[About this task]: The response must reproduce every record below without alteration.

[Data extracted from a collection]
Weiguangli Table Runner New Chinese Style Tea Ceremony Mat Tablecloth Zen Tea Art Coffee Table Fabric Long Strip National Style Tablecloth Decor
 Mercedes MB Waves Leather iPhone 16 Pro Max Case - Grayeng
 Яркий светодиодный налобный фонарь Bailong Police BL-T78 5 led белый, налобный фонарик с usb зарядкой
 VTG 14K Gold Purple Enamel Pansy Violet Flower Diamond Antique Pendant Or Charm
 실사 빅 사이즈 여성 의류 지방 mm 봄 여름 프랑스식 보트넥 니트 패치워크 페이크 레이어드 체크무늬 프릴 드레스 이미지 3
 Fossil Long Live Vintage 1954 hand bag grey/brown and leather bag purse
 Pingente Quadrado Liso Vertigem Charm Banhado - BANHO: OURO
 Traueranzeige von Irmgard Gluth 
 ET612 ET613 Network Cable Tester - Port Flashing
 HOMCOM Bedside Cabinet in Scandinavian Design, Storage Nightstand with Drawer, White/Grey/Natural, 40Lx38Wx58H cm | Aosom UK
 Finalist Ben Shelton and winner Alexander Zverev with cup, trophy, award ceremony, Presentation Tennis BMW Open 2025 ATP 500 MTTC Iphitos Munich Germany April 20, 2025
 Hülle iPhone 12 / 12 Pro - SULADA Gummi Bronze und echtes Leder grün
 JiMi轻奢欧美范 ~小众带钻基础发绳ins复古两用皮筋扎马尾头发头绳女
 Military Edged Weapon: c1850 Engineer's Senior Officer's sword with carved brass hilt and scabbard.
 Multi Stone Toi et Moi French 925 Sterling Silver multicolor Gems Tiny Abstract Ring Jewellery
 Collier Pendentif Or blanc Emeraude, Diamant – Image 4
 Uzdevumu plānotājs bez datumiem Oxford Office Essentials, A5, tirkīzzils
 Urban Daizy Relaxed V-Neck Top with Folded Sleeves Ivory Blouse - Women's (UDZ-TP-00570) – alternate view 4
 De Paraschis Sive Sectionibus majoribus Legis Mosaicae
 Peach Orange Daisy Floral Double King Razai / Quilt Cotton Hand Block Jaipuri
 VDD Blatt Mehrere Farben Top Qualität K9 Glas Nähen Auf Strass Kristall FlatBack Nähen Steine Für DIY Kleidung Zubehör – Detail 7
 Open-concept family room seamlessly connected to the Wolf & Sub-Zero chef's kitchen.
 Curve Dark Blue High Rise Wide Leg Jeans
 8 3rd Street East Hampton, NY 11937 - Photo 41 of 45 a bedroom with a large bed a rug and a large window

[Answer section]:
Weiguangli Table Runner New Chinese Style Tea Ceremony Mat Tablecloth Zen Tea Art Coffee Table Fabric Long Strip National Style Tablecloth Decor
 Mercedes MB Waves Leather iPhone 16 Pro Max Case - Grayeng
 Яркий светодиодный налобный фонарь Bailong Police BL-T78 5 led белый, налобный фонарик с usb зарядкой
 VTG 14K Gold Purple Enamel Pansy Violet Flower Diamond Antique Pendant Or Charm
 실사 빅 사이즈 여성 의류 지방 mm 봄 여름 프랑스식 보트넥 니트 패치워크 페이크 레이어드 체크무늬 프릴 드레스 이미지 3
 Fossil Long Live Vintage 1954 hand bag grey/brown and leather bag purse
 Pingente Quadrado Liso Vertigem Charm Banhado - BANHO: OURO
 Traueranzeige von Irmgard Gluth 
 ET612 ET613 Network Cable Tester - Port Flashing
 HOMCOM Bedside Cabinet in Scandinavian Design, Storage Nightstand with Drawer, White/Grey/Natural, 40Lx38Wx58H cm | Aosom UK
 Finalist Ben Shelton and winner Alexander Zverev with cup, trophy, award ceremony, Presentation Tennis BMW Open 2025 ATP 500 MTTC Iphitos Munich Germany April 20, 2025
 Hülle iPhone 12 / 12 Pro - SULADA Gummi Bronze und echtes Leder grün
 JiMi轻奢欧美范 ~小众带钻基础发绳ins复古两用皮筋扎马尾头发头绳女
 Military Edged Weapon: c1850 Engineer's Senior Officer's sword with carved brass hilt and scabbard.
 Multi Stone Toi et Moi French 925 Sterling Silver multicolor Gems Tiny Abstract Ring Jewellery
 Collier Pendentif Or blanc Emeraude, Diamant – Image 4
 Uzdevumu plānotājs bez datumiem Oxford Office Essentials, A5, tirkīzzils
 Urban Daizy Relaxed V-Neck Top with Folded Sleeves Ivory Blouse - Women's (UDZ-TP-00570) – alternate view 4
 De Paraschis Sive Sectionibus majoribus Legis Mosaicae
 Peach Orange Daisy Floral Double King Razai / Quilt Cotton Hand Block Jaipuri
 VDD Blatt Mehrere Farben Top Qualität K9 Glas Nähen Auf Strass Kristall FlatBack Nähen Steine Für DIY Kleidung Zubehör – Detail 7
 Open-concept family room seamlessly connected to the Wolf & Sub-Zero chef's kitchen.
 Curve Dark Blue High Rise Wide Leg Jeans
 8 3rd Street East Hampton, NY 11937 - Photo 41 of 45 a bedroom with a large bed a rug and a large window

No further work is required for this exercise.